Just imagine: The judge says, “Case closed.” Kim K. immediately starts to ugly cry.
Kim Kardashian West announced recently that she will take the bar exam to become a lawyer in 2022. As of now, she is in a four-year apprenticeship (comparable to law school in the state of California) to improve her skills and prepare for the exam.
Despite her immense money-making presence on social media and television, Kardashian wants to give back to the community and fight for justice as a lawyer. As a student considering law, I moan and groan that she has tons of money to do whatever she wants.
Does that money mean she’s working as hard as regular law students to achieve the same successes? Is she taking a shortcut?
I’m all for people doing whatever they believe is right, but when it comes to shortcuts born of money, it gets a little iffy. If Kardashian really works hard and aces her exams, good for her, but to what extent is she using her money and fame to lighten the workload?
And would those advantages be a conflict of interest in her prospective career as a lawyer? It’s tough to say. Since Kardashian is such a powerful media figure, this could distract a court of law to make the wrong choice. If she goes into criminal justice as planned, it will be interesting to watch how the judges and juries make their decisions.
Although Kardashian seems to be putting in the work to do this the right way, there could be bias just because of her name. And can you ever prevent bias? In a perfect world, no one would inflict their biases in a court of law., But we do not have this type of environment. Kardashian needs to act as professionally as she can.
She certainly has the confidence to be a lawyer, but her mannerisms beg to differ. If you’ve ever watched “Keeping Up with the Kardashians” or have any meme knowledge, then you know that Kardashian cries. A lot.
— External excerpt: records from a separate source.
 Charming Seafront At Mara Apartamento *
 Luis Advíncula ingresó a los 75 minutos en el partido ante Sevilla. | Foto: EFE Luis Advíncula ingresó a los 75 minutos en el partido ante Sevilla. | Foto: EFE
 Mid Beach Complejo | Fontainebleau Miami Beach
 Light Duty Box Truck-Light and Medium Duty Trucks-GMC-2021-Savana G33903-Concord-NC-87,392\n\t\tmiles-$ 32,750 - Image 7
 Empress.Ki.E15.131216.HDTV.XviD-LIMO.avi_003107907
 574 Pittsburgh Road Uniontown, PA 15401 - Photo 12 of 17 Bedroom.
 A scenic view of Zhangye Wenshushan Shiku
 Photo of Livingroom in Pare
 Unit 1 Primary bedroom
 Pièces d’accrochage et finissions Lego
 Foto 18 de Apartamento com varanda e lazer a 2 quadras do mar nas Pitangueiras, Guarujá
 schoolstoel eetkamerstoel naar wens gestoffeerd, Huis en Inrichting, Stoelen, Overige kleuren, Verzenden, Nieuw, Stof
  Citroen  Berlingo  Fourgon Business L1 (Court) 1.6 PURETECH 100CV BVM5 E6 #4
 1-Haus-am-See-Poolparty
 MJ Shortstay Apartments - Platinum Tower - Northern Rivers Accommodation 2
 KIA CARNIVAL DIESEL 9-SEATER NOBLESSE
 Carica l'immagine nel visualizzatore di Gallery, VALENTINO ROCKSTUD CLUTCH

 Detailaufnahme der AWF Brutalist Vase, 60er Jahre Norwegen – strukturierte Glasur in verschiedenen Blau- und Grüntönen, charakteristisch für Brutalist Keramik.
There’s nothing wrong with that; it happens to everyone, but I do not think in a court of law it is appropriate to let loose any explosive emotions during a case. (At least not on the part of counsel.) Of course, it is fair to create a presentation that persuades a jury, judge, or audience, but it is not fitting to break down in tears when things get tough.
But honestly, go Kim. If she wants to do this, hopefully she can.